From Wikipedia:
The program has typically consisted of live video of Dick Clark in Times Square in New York City, counting down until the New Year ball comes down. Since 2005, Ryan Seacrest has been hosting the show outdoors at Times Square while Dick Clark offers comments from a studio. After the ball drops, the focus of the program switches to pre-taped musical segments taped in Hollywood (December 31, 1972-December 31, 1998; December 31, 2000-December 31, 2008) or Las Vegas (December 31, 2009). The segments from Times Square are broadcast live in the Eastern Standard Time zone, and it is delayed for the other time zones so that they can ring in the new year with Clark when midnight strikes in their area.
It first aired on NBC in 1972 and 1973, then it moved to ABC in 1974 and has aired there every year since, except on New Year's Eve 1999 into New Year's Day of 2000. In the three and a half decades it has been on the air, the show has become a mainstay in American New Year's celebrations. Watching the ball drop on Clark's show is considered an annual cultural tradition for the New Year's holiday.
Since Sunday, December 31, 2000, a pre-show, Dick Clark's Primetime New Year's Rockin' Eve has aired live from 10:00 p.m. to 11:00 p.m. The hour-long program features live reports on the festivities in Times Square, as well as various performances. From 11:00 to 11:35 p.m. ET/PT, the show pauses for local newscasts from ABC's affiliates (stations in Central and Mountain Time Zones may have additional local programming before the show resumes at 11:30 p.m. local time). Despite the name, Dick Clark has not actually appeared in the prime time show since 2003.
Before Dick Clark, the best-known New Year's Eve shows on radio and then television were hosted by bandleader Guy Lombardo, who hosted 21 consecutive New Year's Eve shows from 1956 to 1976 on CBS, and for a time in syndication. Lombardo's first radio broadcast on New Year's Eve was heard on December 31, 1928 over CBS Radio, and for a time he even split hosting duties by broadcasting on CBS Radio before 12 Midnight EST and on NBC Radio after Midnight. Lombardo would host 48 straight New Year's Eve broadcasts until his death in 1977, and famously performed "Auld Lang Syne" by his Royal Canadians as the clock struck 12 Midnight, ushering in the start of a New Year.

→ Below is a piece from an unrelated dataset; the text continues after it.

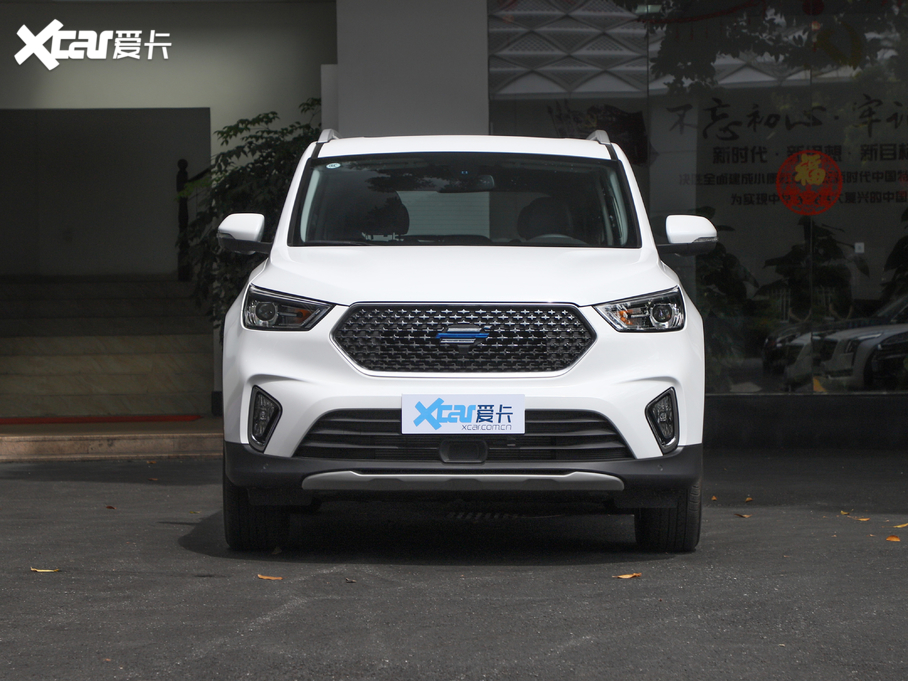 2020LWпِ 1.5T ԄӐ 7 VI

Once the Lombardo orchestra began their annual television shows, there would be a live segment from Times Square, which was (and still is) the focal point of the nation's largest New Year's celebration. In the early years of Lombardo's television specials, Robert Trout reported on and counted down to Midnight in New York's Times Square; but for most of Lombardo's years on television, another legendary newsman, Ben Grauer, had the honor. (Grauer, by the way, also reported from Times Square for NBC Radio on celebrations following the surrender of Japan on August 14, 1945.
The first New Year's Eve special on television was broadcast on December 31, 1941 on WNBT New York, and consisted of entertainment broadcast from the Rainbow Room, atop the RCA Building in New York's Rockefeller Center.[3]
Due to World War II, there would be no more New Year's Eve specials on television until December 31, 1945. WNBT produced a remote broadcast of festivities in Times Square. While NBC had begun to feed programs to WRGB is the Albany area and WPTZ in Philadelphia, information is unavailable as to whether either or both of these stations broadcast the program, or if it was seen just locally in New York.[4]
Unless New Year's Eve fell on a weekend, NBC would carry a special New Year's version of "The Tonight Show" each year beginning in 1954, including coverage of the arrival of the New Year in Times Square.
Dick Clark himself had actually emceed one New Year's Eve TV special prior to 1972; on December 31, 1959, he emceed a 90-minute New Year's special on ABC. One of the guests was Frankie Avalon. But it would be the last time Clark would do a New Year's Eve television special for the next thirteen years.
By the 1970s, Lombardo's big band music skewed to an older generation, so Dick Clark started his telecast in 1972 to compete.
The first show, Three Dog Night's Year's Rockin' Eve 1973, on NBC, was hosted by Three Dog Night and also featured Blood, Sweat & Tears, Helen Reddy and Al Green.